長い講師経験を持つジョーンズ先生に、日本の英語教育の問題点、日本人に向いている英語学習法といったことをたっぷり聞いてきました!
アメリカ・ワシントン州シアトル出身41歳。大学卒業後、ワシントン州にあるベルビュー大学で日本人留学生に英語を教え、講師としてのキャリアをスタート。日本の歴史を愛するあまり26歳の時に来日。日本でも英語講師となる。現在は日本の公立小学校・中学校での英語講師と並行し、外務省・経済産業省ではビジネス英語の講師としても活躍。
ジョーンズ先生について
——日本に来られたのは何年前ですか?
15年前だよ。

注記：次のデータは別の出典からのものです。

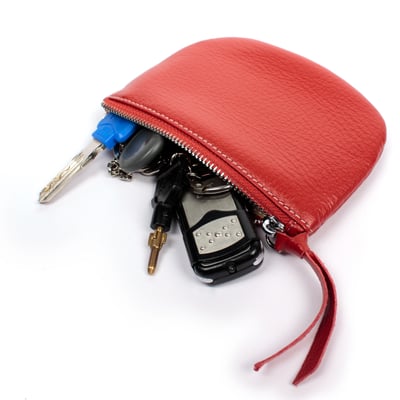 微笑真皮鑰匙零錢包（多色）3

2003年の10月にね。はじめは日本に遊びに来る目的だったけど、いるうちに楽しくなって「あ、これ多分アメリカ帰らないかな」って思ってそのまま住んだんだよ(笑)
——小・中学校で英語を教えていらっしゃいますが、英語を教えるようになったきっかけはなんですか?
小学校4年生の時の担任に憧れて先生になりたいと思うようになったかな。担任は、私の可能性を探す手助けをしてくれ、形成してくれたんだ。あれから私は、いろんな人が穏やかな方法で勉強するのを助けるために、将来担任のようになることを夢見ているんだ。

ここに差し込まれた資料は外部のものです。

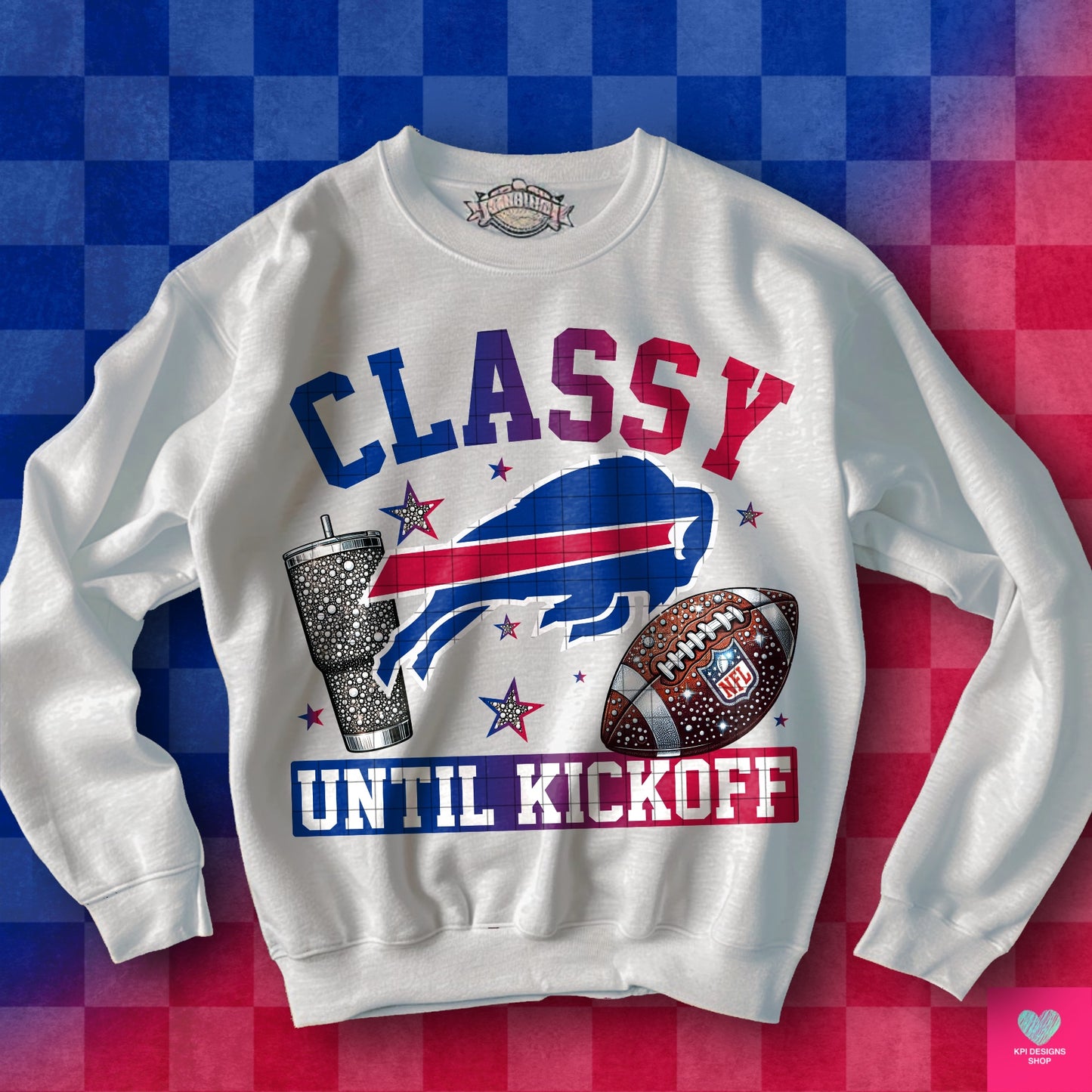 Classy Until Kickoff + Tumbler Wraps (64 Files) - Sept2024 - PNG - Digital Design (Personal Use Recommended)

中学校になってから少しだけバスケ選手になりたいとも思ったけど、大学の時にやっぱり先生になりたいと思ったんだ。それで当時から日本の歴史にすごく興味があったから、日本人に英語を教える仕事がしたいと考えたね。
——ジョーンズ先生が日本語を習得したとき、どんな学習をして、どのくらいのペースで自習しましたか?

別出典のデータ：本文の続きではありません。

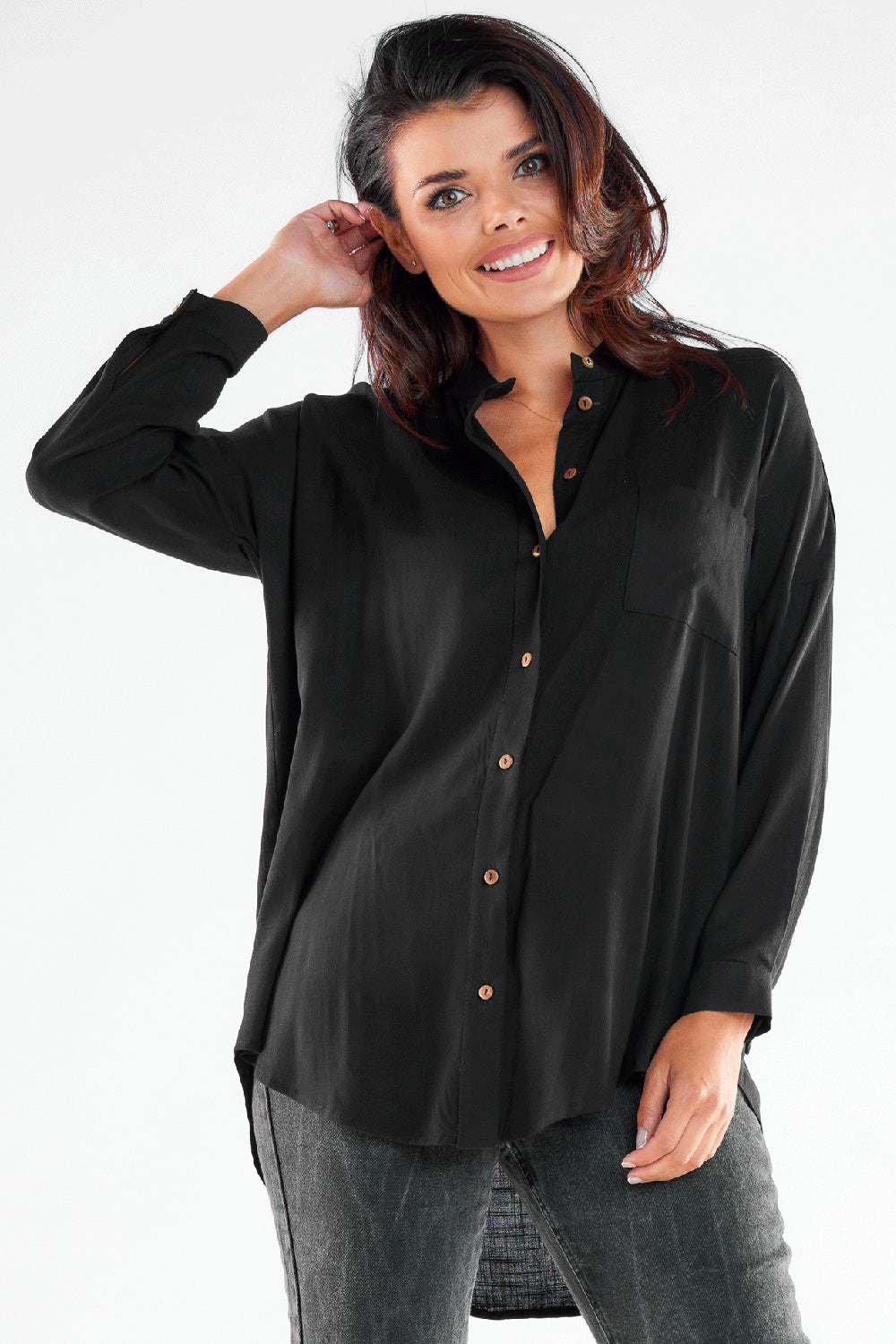 Blouse femme awama — noir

毎日1時間~2時間はしたよ。はじめは「わたしは、すしが好きです」みたいな簡単な日本語を覚えるところからはじめて徐々に自分の好きな日本の歴史についても勉強したよ。あとはね、日本に来た時に「JPLT(日本語能力試験)」を受けたかったからその試験勉強もしたかな。ちなみ今は3級持ってるよ。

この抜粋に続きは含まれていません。